─── Exercise inputs ───

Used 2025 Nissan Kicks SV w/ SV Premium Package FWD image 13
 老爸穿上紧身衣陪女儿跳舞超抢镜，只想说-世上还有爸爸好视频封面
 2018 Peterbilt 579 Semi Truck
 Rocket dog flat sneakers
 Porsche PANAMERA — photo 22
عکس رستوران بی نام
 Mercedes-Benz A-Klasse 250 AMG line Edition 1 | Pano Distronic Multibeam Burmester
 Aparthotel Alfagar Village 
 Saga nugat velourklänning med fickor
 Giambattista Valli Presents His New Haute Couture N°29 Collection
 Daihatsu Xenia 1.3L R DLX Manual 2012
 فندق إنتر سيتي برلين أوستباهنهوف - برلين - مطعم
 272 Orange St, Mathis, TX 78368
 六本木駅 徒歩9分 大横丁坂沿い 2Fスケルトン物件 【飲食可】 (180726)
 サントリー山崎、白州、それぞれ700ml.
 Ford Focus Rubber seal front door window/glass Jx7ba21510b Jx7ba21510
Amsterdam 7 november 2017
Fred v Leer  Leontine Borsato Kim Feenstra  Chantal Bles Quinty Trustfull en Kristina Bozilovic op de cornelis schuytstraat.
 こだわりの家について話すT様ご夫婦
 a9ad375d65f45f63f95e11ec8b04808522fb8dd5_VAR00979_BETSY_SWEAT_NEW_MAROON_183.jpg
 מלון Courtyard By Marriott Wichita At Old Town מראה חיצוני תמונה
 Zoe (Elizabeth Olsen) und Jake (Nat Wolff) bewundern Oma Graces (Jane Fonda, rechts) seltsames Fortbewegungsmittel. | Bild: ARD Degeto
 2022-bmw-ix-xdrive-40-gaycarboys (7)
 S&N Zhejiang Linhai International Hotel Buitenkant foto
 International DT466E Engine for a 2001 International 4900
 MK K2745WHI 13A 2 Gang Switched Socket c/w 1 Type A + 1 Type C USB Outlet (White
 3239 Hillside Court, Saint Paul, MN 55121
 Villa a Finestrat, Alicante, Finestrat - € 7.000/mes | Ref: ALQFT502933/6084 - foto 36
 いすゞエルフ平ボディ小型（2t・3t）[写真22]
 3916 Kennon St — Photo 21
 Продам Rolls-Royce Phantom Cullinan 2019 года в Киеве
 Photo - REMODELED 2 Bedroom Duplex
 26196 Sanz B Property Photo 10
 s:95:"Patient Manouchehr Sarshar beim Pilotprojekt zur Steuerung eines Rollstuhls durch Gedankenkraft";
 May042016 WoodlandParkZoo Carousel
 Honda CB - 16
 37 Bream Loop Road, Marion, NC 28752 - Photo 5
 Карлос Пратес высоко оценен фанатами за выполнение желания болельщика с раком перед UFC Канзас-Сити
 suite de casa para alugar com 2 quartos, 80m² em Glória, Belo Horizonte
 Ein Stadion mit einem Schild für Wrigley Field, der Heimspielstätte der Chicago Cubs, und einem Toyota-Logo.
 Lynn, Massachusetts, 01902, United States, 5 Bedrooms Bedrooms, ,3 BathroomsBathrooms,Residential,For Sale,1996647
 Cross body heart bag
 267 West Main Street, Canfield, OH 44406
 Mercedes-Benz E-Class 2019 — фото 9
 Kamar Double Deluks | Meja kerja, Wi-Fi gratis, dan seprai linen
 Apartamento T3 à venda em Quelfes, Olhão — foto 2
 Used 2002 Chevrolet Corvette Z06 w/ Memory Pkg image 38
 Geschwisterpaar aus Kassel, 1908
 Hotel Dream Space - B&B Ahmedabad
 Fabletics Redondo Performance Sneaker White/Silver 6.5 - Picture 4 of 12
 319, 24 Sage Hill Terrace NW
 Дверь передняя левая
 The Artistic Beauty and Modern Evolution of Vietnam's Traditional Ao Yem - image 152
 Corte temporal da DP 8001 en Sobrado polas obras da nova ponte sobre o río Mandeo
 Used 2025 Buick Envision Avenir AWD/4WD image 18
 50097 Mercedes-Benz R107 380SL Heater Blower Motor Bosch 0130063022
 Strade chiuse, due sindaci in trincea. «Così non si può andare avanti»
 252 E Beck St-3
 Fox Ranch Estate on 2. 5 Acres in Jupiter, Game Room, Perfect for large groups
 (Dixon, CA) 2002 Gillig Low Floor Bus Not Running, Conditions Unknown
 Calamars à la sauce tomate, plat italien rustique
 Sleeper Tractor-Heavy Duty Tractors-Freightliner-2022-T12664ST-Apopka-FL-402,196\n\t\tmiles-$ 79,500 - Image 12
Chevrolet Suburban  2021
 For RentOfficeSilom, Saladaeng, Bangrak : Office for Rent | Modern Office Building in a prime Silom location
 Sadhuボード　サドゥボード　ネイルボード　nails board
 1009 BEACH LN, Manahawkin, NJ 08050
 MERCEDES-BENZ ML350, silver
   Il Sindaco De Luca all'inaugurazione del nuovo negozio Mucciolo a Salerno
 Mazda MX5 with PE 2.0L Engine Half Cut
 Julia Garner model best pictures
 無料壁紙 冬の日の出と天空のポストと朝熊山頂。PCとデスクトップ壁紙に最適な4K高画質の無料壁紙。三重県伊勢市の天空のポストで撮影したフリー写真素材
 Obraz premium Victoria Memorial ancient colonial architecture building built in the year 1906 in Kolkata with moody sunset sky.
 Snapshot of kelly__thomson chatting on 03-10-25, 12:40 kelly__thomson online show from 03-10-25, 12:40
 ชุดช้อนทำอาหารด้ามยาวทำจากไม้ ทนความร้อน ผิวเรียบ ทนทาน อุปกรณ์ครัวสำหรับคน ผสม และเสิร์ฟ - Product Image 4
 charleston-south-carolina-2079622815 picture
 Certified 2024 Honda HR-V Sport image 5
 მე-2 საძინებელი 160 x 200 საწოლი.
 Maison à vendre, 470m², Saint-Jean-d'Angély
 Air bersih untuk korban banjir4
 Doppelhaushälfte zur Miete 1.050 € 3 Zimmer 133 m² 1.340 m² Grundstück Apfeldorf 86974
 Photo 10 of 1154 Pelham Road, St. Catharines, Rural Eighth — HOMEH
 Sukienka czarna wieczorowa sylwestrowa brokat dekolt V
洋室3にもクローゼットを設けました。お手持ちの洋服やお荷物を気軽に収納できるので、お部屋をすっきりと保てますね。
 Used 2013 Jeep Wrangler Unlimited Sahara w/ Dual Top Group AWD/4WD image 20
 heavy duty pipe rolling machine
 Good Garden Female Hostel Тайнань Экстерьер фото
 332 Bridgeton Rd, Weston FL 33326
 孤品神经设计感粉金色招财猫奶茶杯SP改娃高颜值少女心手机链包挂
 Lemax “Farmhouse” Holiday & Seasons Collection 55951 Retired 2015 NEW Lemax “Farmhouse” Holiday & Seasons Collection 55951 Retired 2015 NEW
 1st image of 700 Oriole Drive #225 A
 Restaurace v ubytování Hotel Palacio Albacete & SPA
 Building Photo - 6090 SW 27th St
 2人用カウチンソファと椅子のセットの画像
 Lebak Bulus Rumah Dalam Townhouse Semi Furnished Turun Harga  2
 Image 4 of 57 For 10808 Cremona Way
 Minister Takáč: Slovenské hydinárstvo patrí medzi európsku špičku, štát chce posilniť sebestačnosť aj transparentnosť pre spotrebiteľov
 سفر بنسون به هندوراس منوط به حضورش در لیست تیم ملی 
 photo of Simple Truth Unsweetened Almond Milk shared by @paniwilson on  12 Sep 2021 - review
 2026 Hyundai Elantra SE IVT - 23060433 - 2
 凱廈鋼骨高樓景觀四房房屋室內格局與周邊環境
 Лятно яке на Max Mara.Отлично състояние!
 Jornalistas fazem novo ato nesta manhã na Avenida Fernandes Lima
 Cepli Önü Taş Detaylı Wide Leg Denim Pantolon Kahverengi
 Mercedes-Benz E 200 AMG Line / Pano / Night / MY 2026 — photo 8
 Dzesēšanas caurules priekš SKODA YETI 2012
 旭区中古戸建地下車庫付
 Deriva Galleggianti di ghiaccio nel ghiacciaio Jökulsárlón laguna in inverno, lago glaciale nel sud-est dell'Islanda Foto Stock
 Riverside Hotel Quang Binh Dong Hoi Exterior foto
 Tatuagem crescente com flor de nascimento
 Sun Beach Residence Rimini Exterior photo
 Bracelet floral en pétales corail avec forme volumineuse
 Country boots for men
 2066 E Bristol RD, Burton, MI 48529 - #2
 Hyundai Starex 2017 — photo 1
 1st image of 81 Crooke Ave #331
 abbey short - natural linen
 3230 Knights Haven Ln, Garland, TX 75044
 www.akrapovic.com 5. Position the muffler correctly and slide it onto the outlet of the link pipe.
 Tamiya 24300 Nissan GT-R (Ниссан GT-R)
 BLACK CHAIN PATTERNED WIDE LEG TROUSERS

───

Task goal: Start at the first line of the entries above. Set down each line exactly through the one with "Giambattista Valli Presents", and stop there.

Task solution:
Used 2025 Nissan Kicks SV w/ SV Premium Package FWD image 13
 老爸穿上紧身衣陪女儿跳舞超抢镜，只想说-世上还有爸爸好视频封面
 2018 Peterbilt 579 Semi Truck
 Rocket dog flat sneakers
 Porsche PANAMERA — photo 22
عکس رستوران بی نام
 Mercedes-Benz A-Klasse 250 AMG line Edition 1 | Pano Distronic Multibeam Burmester
 Aparthotel Alfagar Village 
 Saga nugat velourklänning med fickor
 Giambattista Valli Presents His New Haute Couture N°29 Collection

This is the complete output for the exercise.